Siv Jensen, leader of Norway's
Fremskrittspartiet (Progress party), speaks to party members while
waiting for the result of the general elections in Oslo, September 9,
2013.
The report you are
about to read, after going through, I couldn't help but wonder why
this cannot happen in Nigeria.Read the interesting report by Reuters below:
Everyone in Norway became a theoretical crown millionaire on Wednesday in a milestone for the world's biggest sovereign wealth fund that has ballooned thanks to high oil and gas prices.
Set up in 1990, the fund owns around 1 percent of the world's stocks, as well as bonds and real estate from London to Boston, making the Nordic nation an exception when others are struggling under a mountain of debts.A preliminary counter on the website of the central bank, which manages the fund, rose to 5.11 trillion crowns ($828.66 billion), fractionally more than a million times Norway's most recent official population estimate of 5,096,300.
It was the first time it reached the equivalent of a million crowns each, central bank spokesman Thomas Sevang said.
Not that Norwegians will be able to access or spend the money, squirreled away for a rainy day for them and future generations.

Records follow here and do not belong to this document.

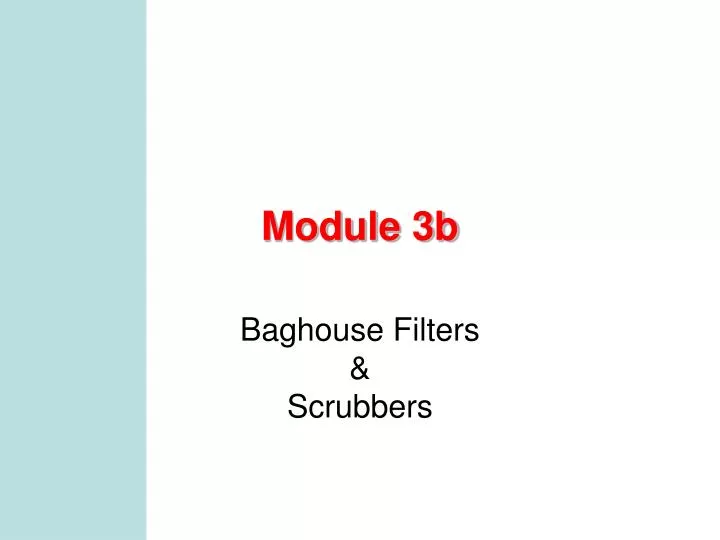 module 3b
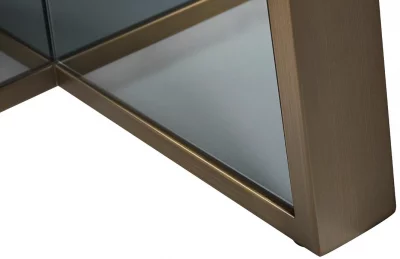 Стол обеденный Bel Air 220X100X76 CM 4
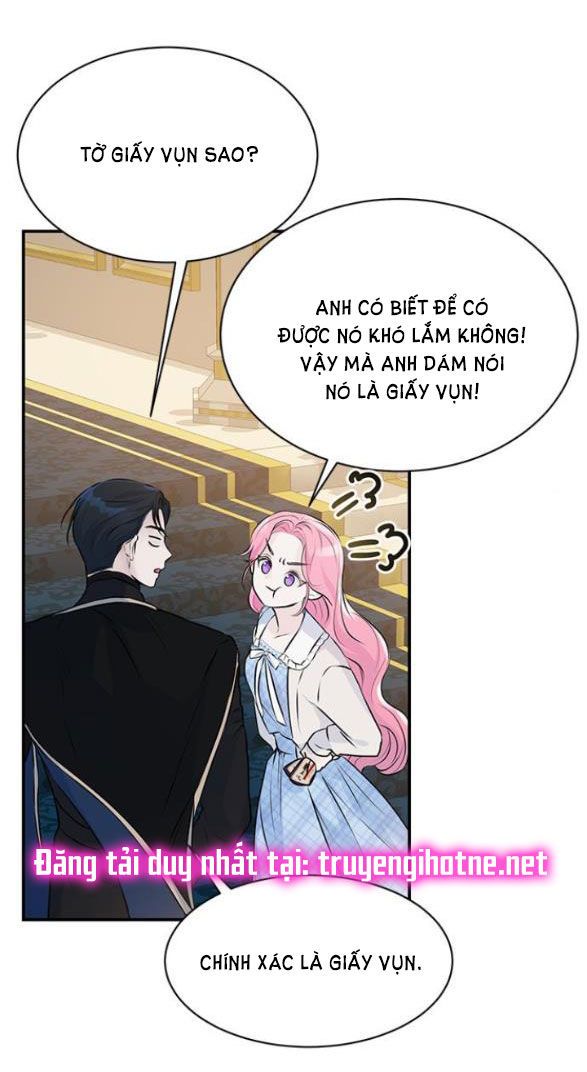 Tôi Tưởng Bản Thân Không Còn Sống Được Bao Lâu Chương 8.2 page 2 - Giả Dược
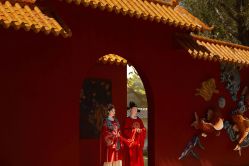 -古摄影婚纱(湛江霞山步行街店)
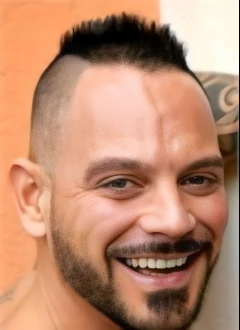 Christian King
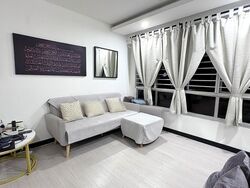 Blk 470A Hougang Parkview (Hougang), HDB 4 Rooms #485210391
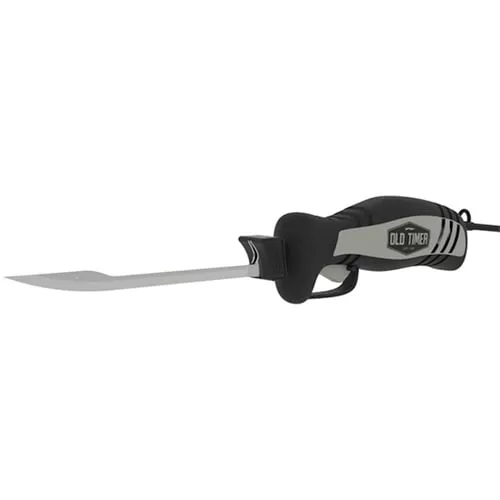 OLD TIMER KNIFE ELECTRIC FILLE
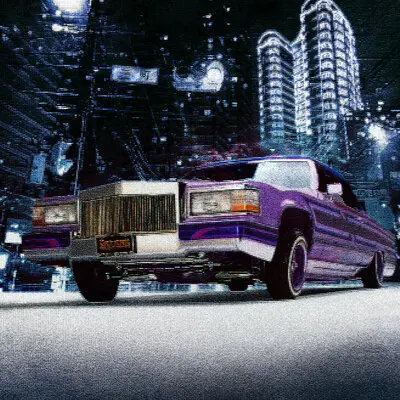 Make a Move - NessXj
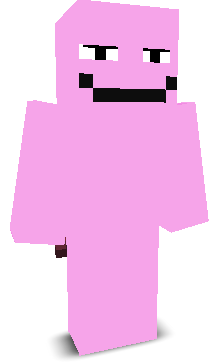 Oui_256's skin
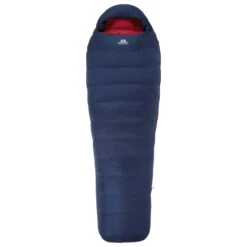 Mountain Equipment - Women's Helium 800 - Down Sleeping Bag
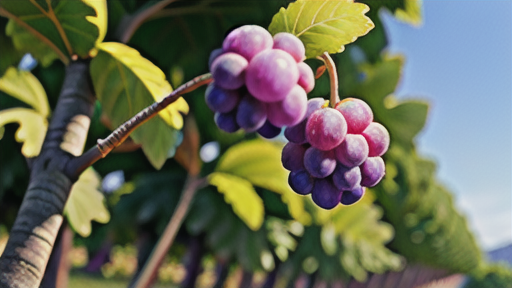 マンデラリアの特徴と産地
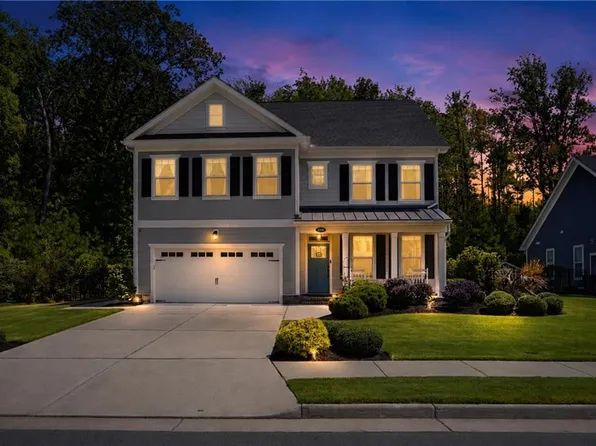 2190 Allen Gimbert Way, Virginia Beach, VA 23453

Norway has resisted the temptation to splurge all the windfall since striking oil in the North Sea in 1969.
Finance Minister Siv Jensen told Reuters the fund, called the Government Pension Fund Global, had helped iron out big, unpredictable swings in oil and gas prices. Norway is the world's number seven oil exporter.

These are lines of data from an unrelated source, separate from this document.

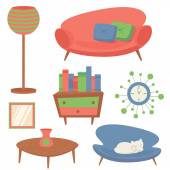 Reparatie van twee kamers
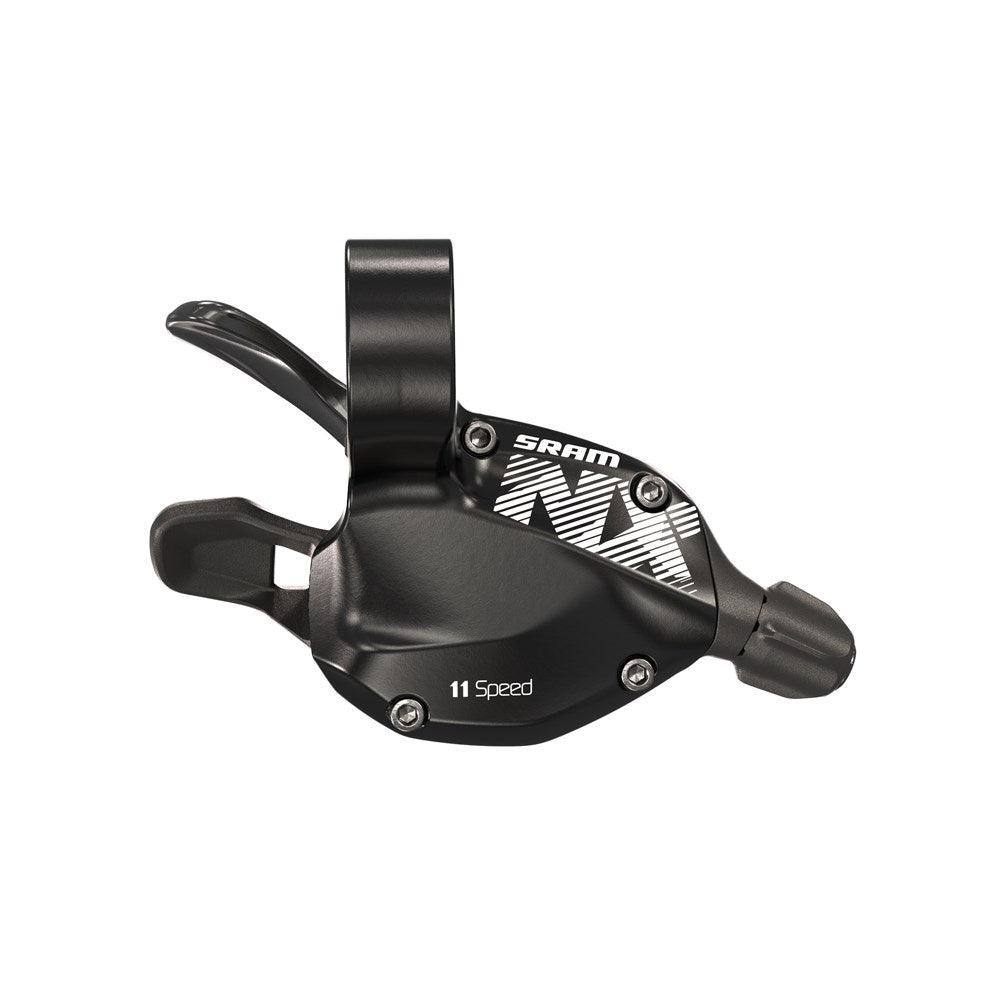 Vaihdevipu SRAM Trigger shifter NX Black 11 speed - Elite Bike
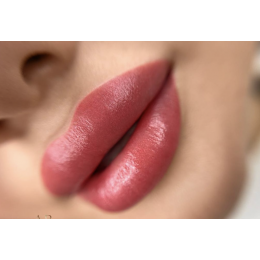 Etalon Mix №1 "GENTLE KISS" - 15ml - For lips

"Many countries have found that temporary large revenues from natural resource exploitation produce relatively short-lived booms that are followed by difficult adjustments," she said in an email.
The fund, equivalent to 183 percent of 2013 gross domestic product, is expected to peak at 220 percent around 2030."The fund is a success in the sense that parliament has managed to put aside money for the future. There are many examples of countries that have mot managed that," said Oeystein Doerum, chief economist at DNB Markets.Norway has sought to avoid the boom and bust cycle by investing the cash abroad, rather than at home. Governments can spend 4 percent of the fund in Norway each year, slightly more than the annual return on investment.Still, in Norway, oil wealth may have made the state reluctant to make reforms or cut subsidies unthinkable elsewhere. Farm subsidies allow farmers, for instance, to keep dairy cows in heated barns in the Arctic.It may also have made some Norwegians reluctant to work. "One in five people of working age receives some kind of social insurance instead of working," Doerum said, despite an official unemployment rate of 3.3 percent.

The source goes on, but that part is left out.